(COLLECTED DATA begins)

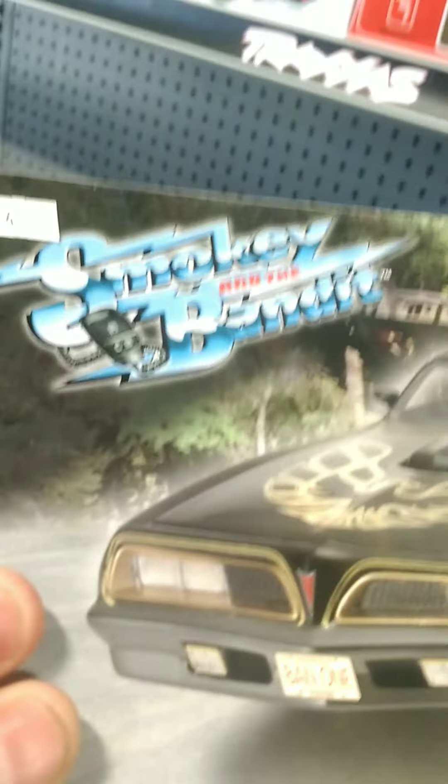They even have the Smokey and the Bandit — so wow! Anyway, here you go.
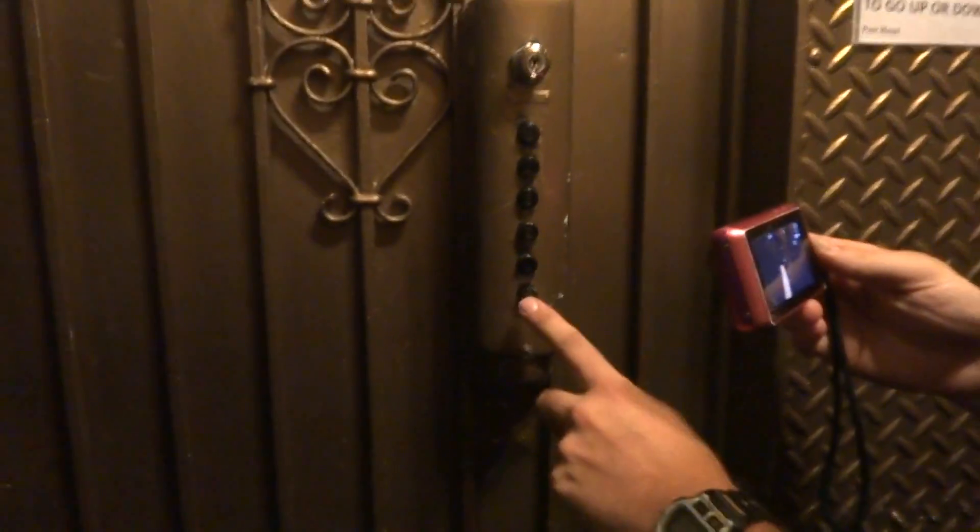Watch your step. Don't slam the door. Look at these buttons. Not sure what kind this is, but we're going to go down to B. Here we go.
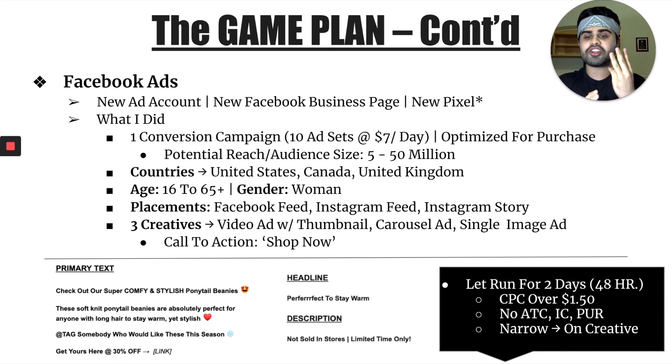For the creatives, I was testing three different creatives: a video ad with a thumbnail, a carousel ad, and a single image ad. This product is pretty self-explanatory — it doesn't need a lot of demonstration. So the single image ad and the carousel ad were working absolutely amazing. The single image ad consisted of a nice collage of all the different colors. The carousel ad had seven or eight different pictures of women wearing it in different colors. The video ad consisted of women trying on the hat and making it obvious how the hole in the back allows them to pull their hair through. For the video ad and carousel, I used those for the standard ad, and the carousel was performing really well. The call to action I used was Shop Now.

(COLLECTED DATA ends)

- WHAT THE TASK ASKS -
Working from the material above, transcribe it exactly while omitting pictures.

- OUTPUT FOR THIS EXERCISE -
They even have the Smokey and the Bandit — so wow! Anyway, here you go.
Watch your step. Don't slam the door. Look at these buttons. Not sure what kind this is, but we're going to go down to B. Here we go.
For the creatives, I was testing three different creatives: a video ad with a thumbnail, a carousel ad, and a single image ad. This product is pretty self-explanatory — it doesn't need a lot of demonstration. So the single image ad and the carousel ad were working absolutely amazing. The single image ad consisted of a nice collage of all the different colors. The carousel ad had seven or eight different pictures of women wearing it in different colors. The video ad consisted of women trying on the hat and making it obvious how the hole in the back allows them to pull their hair through. For the video ad and carousel, I used those for the standard ad, and the carousel was performing really well. The call to action I used was Shop Now.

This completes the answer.